Applegate also wrote a detective story. It was called
Where Dons Delight,
and was a story of University life. The book probably owed its success to the fact that the dons who were its principal characters were not, like the dons in many detective stories, merely mean, envious and cunning. Applegate’s dons were lustful, perverse and violent. One concealed behind a false book-front labelled
The Lives of the Christian Martyrs
a pornographic library that would have been the envy of Lord Houghton; another imagined himself a vampire bat at the full moon and developed a considerable skill as a cat-burglar so that he was able to appear, with home-made membranic wings terrifyingly outspread, at the windows of selected bedrooms.

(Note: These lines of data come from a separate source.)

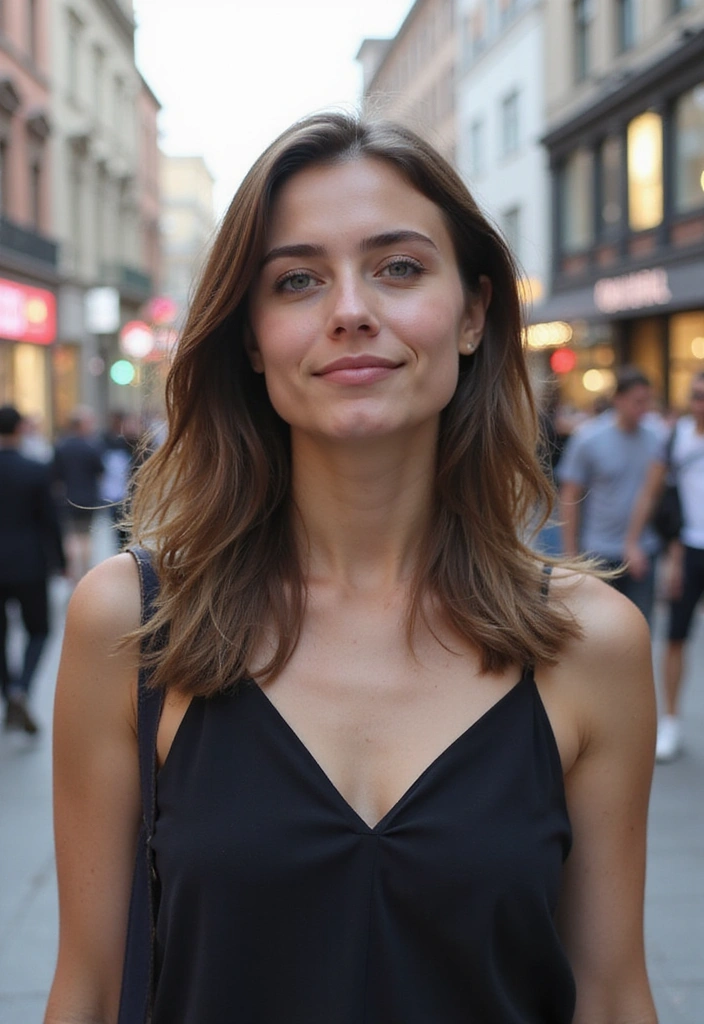14 Tendencias de Cortes de Cabello Lacio 2025 Que No Puedes Ignorar (¡El #10 Es Un Cambio Total!) - 13. Corte de Cabello Lacio a la Altura de los Hombros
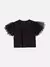 BLUSA MOMI COM MANGAS DE TULE PRETA H5918 - comprar online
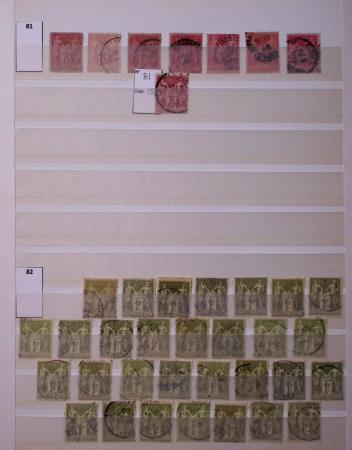 1849-1930, Très joli lot d'oblitérés de France, avec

The real villain was a don who was killing off his students with doses of a newly developed drug, in an attempt to prove that their brainpower was temporarily increased.

Where Dons Delight was well received in England.
“Grips like cement,”
said one well-known reviewer.
“Get stuck into it.”
It was in the United States, however, that the book had its real success, for there many critics praised it as an outspoken, although no doubt exaggerated, attack on the standards of modern English education.

Applegate published this book under the pseudonym of Henry James. He had taken a job at Bramley because he hoped to set his second detective story in a progressive school.